Nei giudizi di opposizione e di reclamo nel rito Fornero, sia il Tribunale che la Corte di Appello di Bologna, confermavano la legittimità del licenziamento. Ciò in ragione del fatto che la società datrice di lavoro aveva fissato una data per l’audizione richiesta dal dipendente, rinnovandola per la sua mancata presentazione alla prima delle due a causa di malattia. La società aveva, altresì, preavvertito il dipendente della propria esigenza di esaurire con la seconda data il procedimento disciplinare rispetto alla previsione della contrattazione collettiva. Come se non bastasse il lavoratore veniva invitato a presentare ulteriori giustificazioni scritte che, tuttavia, ometteva.

Avverso la decisione di merito il dipendente proponeva ricorso in Cassazione censurando, fra le varie, la lesione del proprio diritto di difesa in fase disciplinare, poiché la società non aveva concesso il secondo dei due differimenti dell’audizione orale dallo stesso richiesti per malattia.

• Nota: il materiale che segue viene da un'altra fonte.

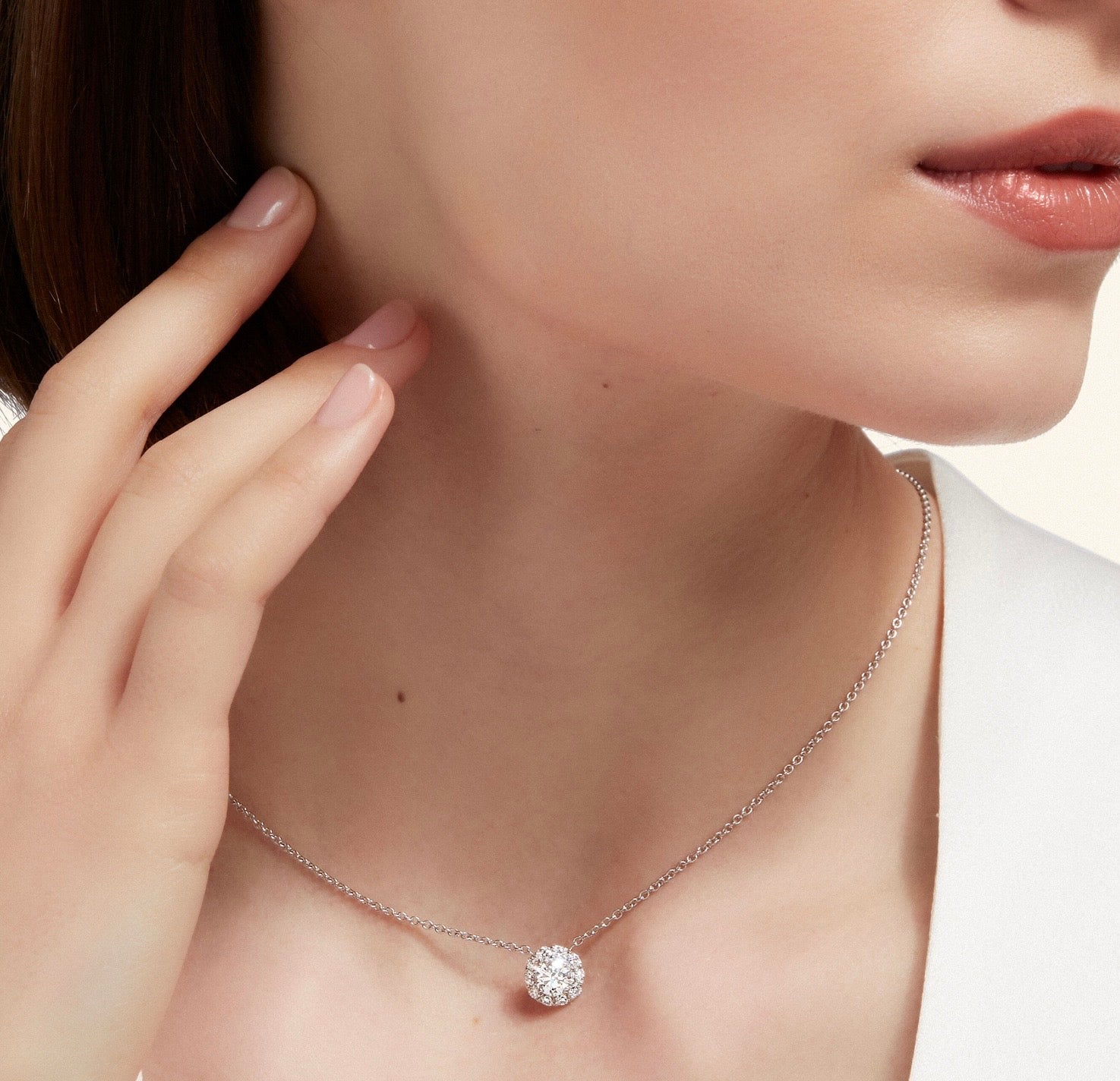 Classic Round Halo pendant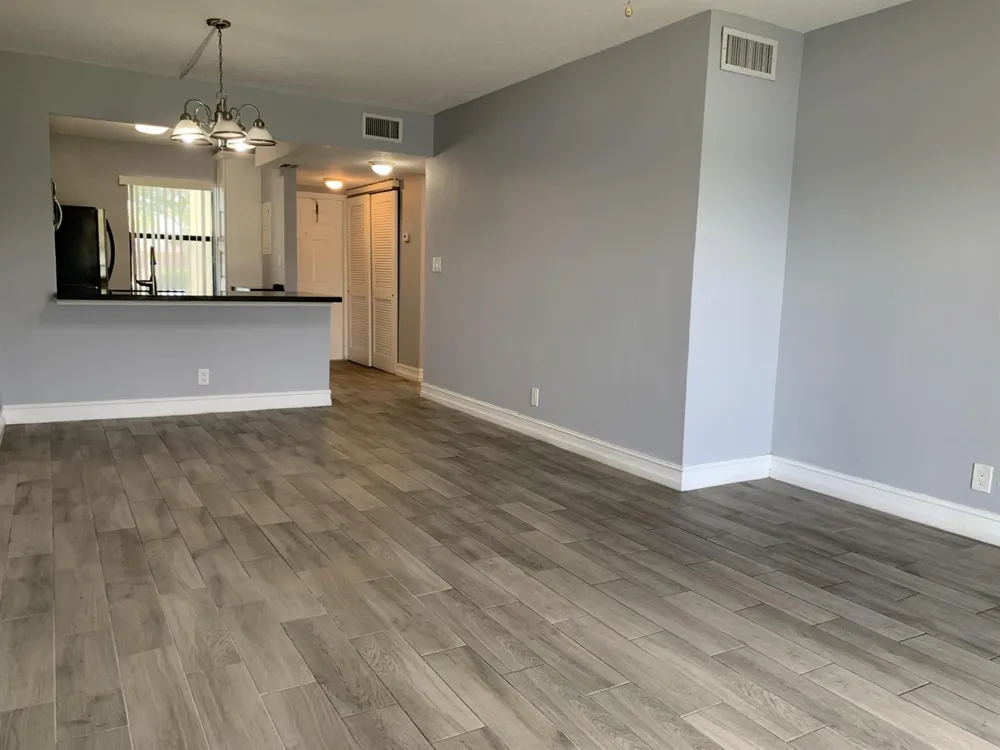 10011 Winding Lake Road #101 Sunrise, FL 33351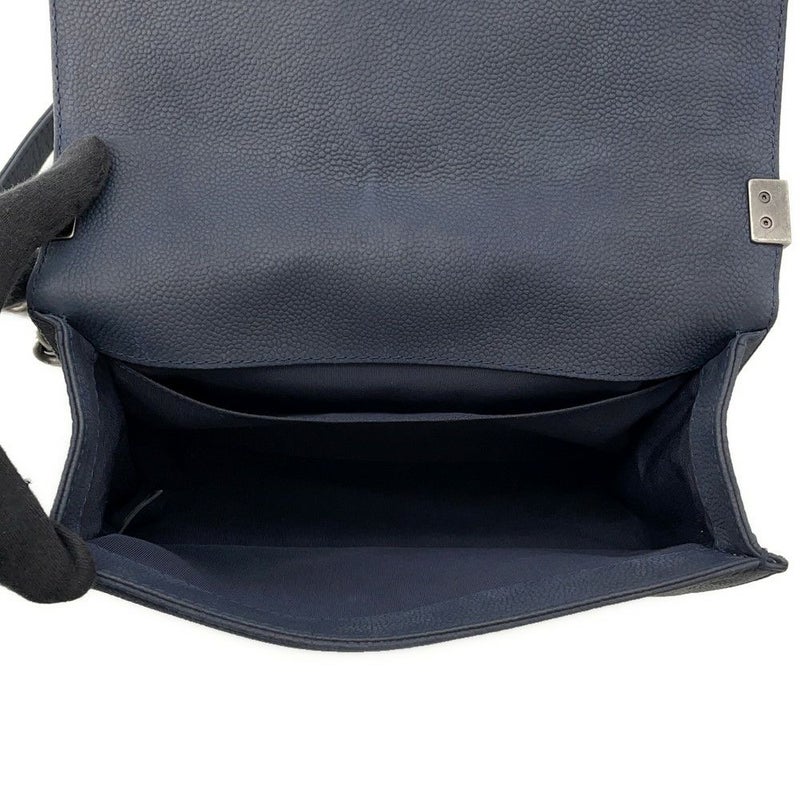 シャネル チェーンショルダーバッグ ボーイシャネル キャビアスキン A67086 CHANEL バッグ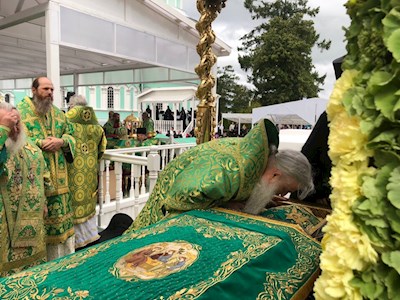 Божественная литургия на соборной площади Серафимо-Дивеевского монастыря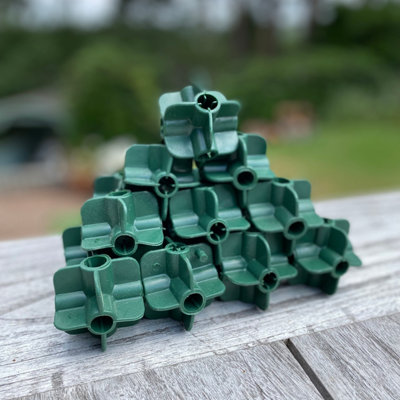 Selections Bamboo Cane Connectors Flexible Fruit Cage Plant Support (Pack Of 40) from B&Q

La decisione della Corte di Cassazione

La Corte di Cassazione, nel rigettare il ricorso del lavoratore, ha ritenuto l’operato della società datrice di lavoro corrispondente ai generali principi di correttezza e buona fede contrattuale. Infatti la stessa, dapprima, aveva concesso il differimento del primo incontro, e, successivamente, aveva preavvertito il lavoratore dell’indisponibilità a concedere una terza data. Ma non solo. La Società aveva invitato il lavoratore a rendere per iscritto le proprie controdeduzioni così da non incorrere in decadenza per tardività del provvedimento di recesso, sulla base della previsione della contrattazione collettiva di settore.

Secondo la Cassazione, pur essendo vero che il lavoratore, nell’ambito del procedimento disciplinare, ha il diritto di essere sentito oralmente dal datore di lavoro, non è altrettanto vero che lo stesso abbia il diritto al differimento dell’incontro sulla base dell’eventuale stato di malattia. La Cassazione, infatti, specifica che “la mera allegazione, da parte del lavoratore, ancorché certificata, della condizione di malattia non può essere ragione di per sé sola sufficiente a giustificarne l’impossibilità di presenziare all’audizione personale richiesta, occorrendo che egli ne deduca la natura ostativa all’allontanamento fisico da casa (o dal luogo di cura), così che il suo differimento a una nuova data di audizione personale costituisca effettiva esigenza difensiva non altrimenti tutelabile».